Plus esthètes que marchands de tapis
Le Hajji Baba Club a été créé le 9 juillet 1932 à New Jersey. Seul l'un de ses cinq membres fondateurs, Arthur Urban Dilley, était un spécialiste en la matière. Les autres étaient des messieurs de bonne compagnie, quelque peu fortunés (bien sûr, les femmes en étaient exclues) et intéressés surtout, en pleine période de dépression, de faire des affaires en acquérant des tapis à bon prix. Ils ont choisi de s'appeler les Hajjis par association au héros qui, d'après le conte relatant ses aventures, était un Asiatique aussi à l'aise en Orient qu'en Occident. Selon eux, lui aussi était affairiste, ne payant jamais plus de 10% de la valeur de ce qu'il convoitait. Aujourd'hui, le club compte 180 membres dont des femmes. Tous sont devenus de grands connaisseurs allant jusqu'à savoir si le tissage est bien serré, l'épaisseur adéquate ou si le mélange avec des fils d'or rehausse ou pas l'ensemble. Certes, la rareté aide à déterminer la valeur. La plus ancienne pièce de l'exposition, acquise par Hajji George Hewitt Myers, fondateur du Musée du textile, est un tapis nasride en soie que l'on accrochait au mur. Il date de 1400 et il en existe très peu aujourd'hui. Il y a aussi de beaux kilims très prisés dans les années 60, alors que les tapis turkmènes à la palette plus subtile ont aujourd'hui la cote. Autre pièce importante, un fragment de tapis iranien du VIe siècle, à l'origine de très grande dimension et destiné à un palais. Sur un fond de couleur crème, se détache un motif à dominante rouge. L'imagerie suggère un jardin qui embaume et un ciel où se dessinent des dragons chinois.

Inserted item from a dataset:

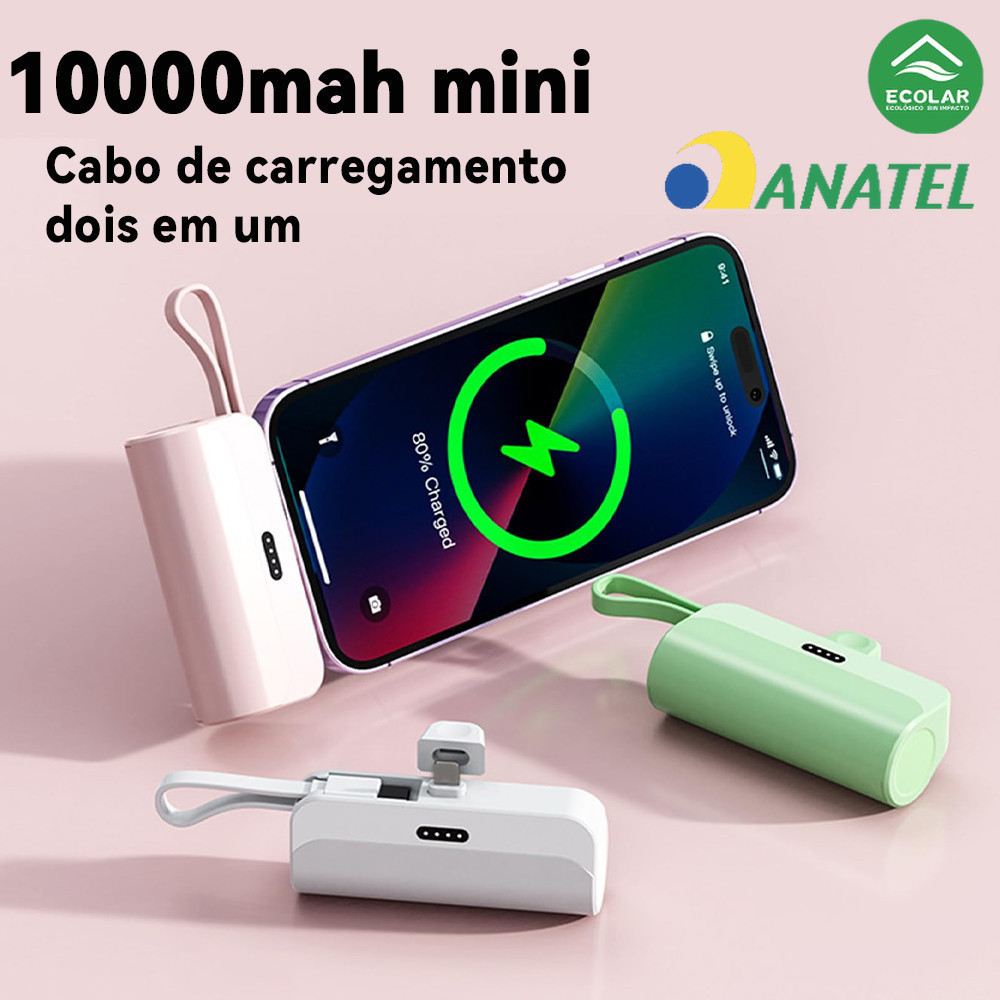 Carregador 2em1 Portátil: Bateria 10000mAh + Base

Aujourd'hui, les Hajji US continuent à voguer sur leurs tapis volants, à la recherche d'autres trésors. Ils ont ainsi été vers d'autres techniques de tissage, notamment celles pratiquées par des nomades et des villageois qui en faisaient des pièces à leur propre usage et non pas pour les cours des grands. Plus esthète que marchand de tapis, les Hajji déroulent les leurs à l'intention du grand public : outre les expositions et les conférences données par des spécialistes de renommé internationale, ils offrent des bourses pour des études sur les textiles et ont des publications régulières ayant trait à leurs collections.